The happiness mentioned above is not only this life’s happiness; it means happiness for many hundreds of lifetimes, such as five hundred or even thousands or millions of lifetimes. The suffering mentioned above is not only this life’s suffering, but also after this life. So [if we speak or act with a pure mind] we won’t experience that suffering; we won’t get reborn in the lower realms, as a hell being, a hungry ghost or animal and then have to experience the suffering there for an unbelievable length of time. Depending on how heavy the negative karma [of speaking or acting with an impure mind] is, we could be [in the lower realms] for many eons.

It is just one time that we have received this perfect human rebirth and it can end at any time. We can’t even say that we will be alive tomorrow or tonight; we don’t have omniscience or even ordinary clairvoyance, so we can’t see the future. We only have this opportunity right now, being alive, therefore we need to practice exchanging ourselves with others.

The great holy being, the Indian pandit from Nalanda, the great bodhisattva Shantideva said, “If we do not exchange ourselves for others, we cannot be enlightened.” That means we cannot achieve the peerless happiness, which is the total cessation of gross and subtle obscurations and the completion of all the realizations. “Even while we are in samsara, there is no happiness”—there is no happiness in our future lives and even the works of this life cannot succeed.

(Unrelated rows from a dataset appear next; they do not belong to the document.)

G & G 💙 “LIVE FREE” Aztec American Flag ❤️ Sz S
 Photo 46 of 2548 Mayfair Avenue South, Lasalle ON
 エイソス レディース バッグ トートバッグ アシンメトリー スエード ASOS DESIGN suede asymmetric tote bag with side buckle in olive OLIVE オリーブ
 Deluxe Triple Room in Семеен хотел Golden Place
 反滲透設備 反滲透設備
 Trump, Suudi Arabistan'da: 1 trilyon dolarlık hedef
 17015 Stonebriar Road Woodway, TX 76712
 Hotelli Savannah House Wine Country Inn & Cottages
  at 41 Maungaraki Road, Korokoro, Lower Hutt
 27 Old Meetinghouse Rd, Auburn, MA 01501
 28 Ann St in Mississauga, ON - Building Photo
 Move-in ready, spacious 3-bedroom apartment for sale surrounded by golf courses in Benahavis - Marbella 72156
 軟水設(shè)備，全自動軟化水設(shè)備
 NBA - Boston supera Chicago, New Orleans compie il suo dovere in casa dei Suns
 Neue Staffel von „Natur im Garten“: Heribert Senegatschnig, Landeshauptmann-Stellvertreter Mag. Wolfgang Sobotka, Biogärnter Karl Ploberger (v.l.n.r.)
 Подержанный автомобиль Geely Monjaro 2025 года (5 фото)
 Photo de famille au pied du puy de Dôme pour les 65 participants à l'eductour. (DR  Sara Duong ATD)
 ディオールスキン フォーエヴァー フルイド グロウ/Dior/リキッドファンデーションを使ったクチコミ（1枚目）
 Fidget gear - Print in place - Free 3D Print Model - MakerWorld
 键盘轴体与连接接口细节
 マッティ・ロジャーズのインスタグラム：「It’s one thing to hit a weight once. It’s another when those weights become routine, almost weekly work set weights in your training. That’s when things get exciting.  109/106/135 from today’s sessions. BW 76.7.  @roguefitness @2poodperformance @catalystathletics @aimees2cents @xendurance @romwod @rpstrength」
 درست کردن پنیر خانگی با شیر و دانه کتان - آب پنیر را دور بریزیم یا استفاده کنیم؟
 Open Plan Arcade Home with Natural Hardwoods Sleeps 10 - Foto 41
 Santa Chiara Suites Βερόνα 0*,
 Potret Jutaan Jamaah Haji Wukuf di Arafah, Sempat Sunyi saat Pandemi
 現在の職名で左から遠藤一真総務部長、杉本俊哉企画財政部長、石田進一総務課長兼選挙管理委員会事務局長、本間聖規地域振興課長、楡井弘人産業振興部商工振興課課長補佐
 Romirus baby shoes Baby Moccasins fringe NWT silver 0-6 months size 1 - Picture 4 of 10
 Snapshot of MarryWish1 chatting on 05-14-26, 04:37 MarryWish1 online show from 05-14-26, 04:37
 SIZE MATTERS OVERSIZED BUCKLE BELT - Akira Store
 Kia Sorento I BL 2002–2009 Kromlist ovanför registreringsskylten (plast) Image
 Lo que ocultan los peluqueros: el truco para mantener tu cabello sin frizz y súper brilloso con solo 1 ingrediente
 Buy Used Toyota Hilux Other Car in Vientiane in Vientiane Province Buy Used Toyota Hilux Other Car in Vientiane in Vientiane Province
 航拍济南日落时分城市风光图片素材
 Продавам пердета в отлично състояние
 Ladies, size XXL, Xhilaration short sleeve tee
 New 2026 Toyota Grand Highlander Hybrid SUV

If I do not actually exchange my happiness
For the sufferings of others
I shall not attain the state of buddhahood
And even in cyclic existence shall have no joy.
   – Bodhicaryavatara, Ch. 8, v. 131

Also,

Cherishing the I causes all suffering for oneself and other sentient beings.
Cherishing others causes all the happiness for oneself and other sentient beings.

This means the happiness from beginningless rebirths, now and all the future happiness, including liberation from samsara and the peerless happiness, enlightenment. Sometimes this can be recited as a motivation.

LC 94: Cherishing myself is the doorway to all loss,
While cherishing my mothers is the foundation of all qualities.
Hence I seek your blessings to make my heart practice
The yoga of exchanging myself for others.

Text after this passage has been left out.